At Pennsylvania State College of Medicine:

  • Researchers procure victims from “local dairy farms.” Calves who would typically be killed—“bull calves or female calves that will not be used as replacement heifers shortly after birth”—are sent from the farm to the university for experimentation and other use. Some have devices implanted into their hearts. Others are used as blood donors until they reach a certain size; then, they are either returned to the dairy farm or sold at “livestock” auctions.
  • Researchers euthanized a baby cow after she failed to recover from fentanyl. The calf had undergone surgery involving a thoracotomy—a surgical incision through the chest to access the organs inside. After being given two doses of naloxone in an attempt to reverse the anesthesia, she continued to decline and was ultimately killed.

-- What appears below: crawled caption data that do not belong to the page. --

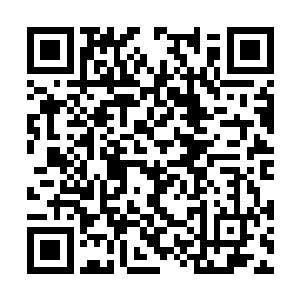 已经绽放出了宛若是结晶一样的黑色多重晶石条来二维码生成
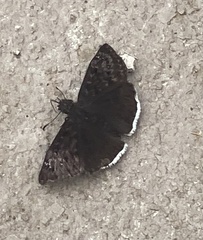 Erynnis tristis tatius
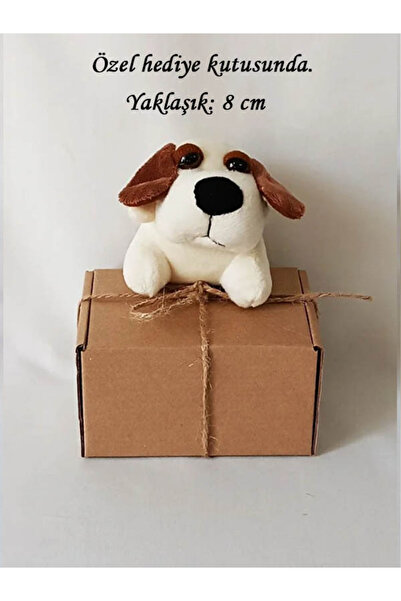 White Plush Toy Plump Dog Keychain with Kraft Box 8cm-Birthday - Bag Ornament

(4) Mothers and Babies Surgically Torn Apart

At West Texas A&M University, a complainant reported deteriorating “animal welfare conditions” at the university’s “cow/calf facility”—as well as the sense that faculty is “less concerned with the welfare of the animals and more concerned with entertaining students during these intense medical procedures.” Among the allegations:

  • An “accidentally” pregnant, 15-month-old cow—who was not in labor—was subjected to a c-section as part of a demonstration. Her baby was ripped from her womb two weeks premature. Students were told these conditions would likely jeopardize the baby’s survival. (When questioned about the ethics of performing this surgery, the veterinarian dismissed concerns as “simply a difference in opinion” and characterized the display as “a great teaching experience.”) The baby was separated from her mother, left in a draft, and reported as weak, shivering, and unwilling or unable to either stand or nurse from a bottle. There was little communication about care for the calf, and there was no communication about post-surgical care for her mother.
  • A c-section was performed on a downed cow inside a livestock trailer. No medical records were generated, and the cow is not believed to have survived.
  • An increased death rate “among the cow herd” was not investigated. No treatment records for the cows existed prior to their deaths, and no records of post-mortem examinations were found. The dead cows’ bodies were summarily dumped on a “compost pile.”
  • Older, thinner or underweight cows had “embryos with large birth weights” forced into their wombs. This “intentionally” caused dystocias (difficult, stalled, or obstructed labor) and resulted in cows becoming downed and being killed. 

(5) Lactating Cows Burned by Chemicals

Lactating cows in the University of Florida’s “Dairy Unit” were doused with “a concentrated commercial grade disinfectant and cleaner (Taskforce)” after staff mistook it for a “‘pour on’ insecticide.” The cows suffered chemical burns that resulted in hair loss, skin scaling, and skin sloughing.

On factory farms, Holstein cows are hooked up to automatic milking machines.

These five records do not depict isolated incidents. They evidence a unified industry that moves animals and information across its own machinery: farm to lab, lab to farm.

The records show that the division between animal labs and animal farms has always been artificial.

A cow can be down in a “milking parlor” or cut open inside a “livestock” trailer while trapped by a university research program—not a factory farm. 

A calf can be born on a farm, sent to a lab, and, then, returned to the farm when researchers are done with her. 

Both animal research and animal agriculture exist to control animal bodies, to commodify lives, and to inflict violence—often on the very same victims, and often on cows.

We cannot let industry define cows by the violence it inflicts on them.

Cows are not “meat.”
They are not milk or serum machines.
They are not leather.
They are not “models” for others.
They are not teaching tools or test subjects.
They are not disposable bodies.

Cows are someones. And they deserve total liberation.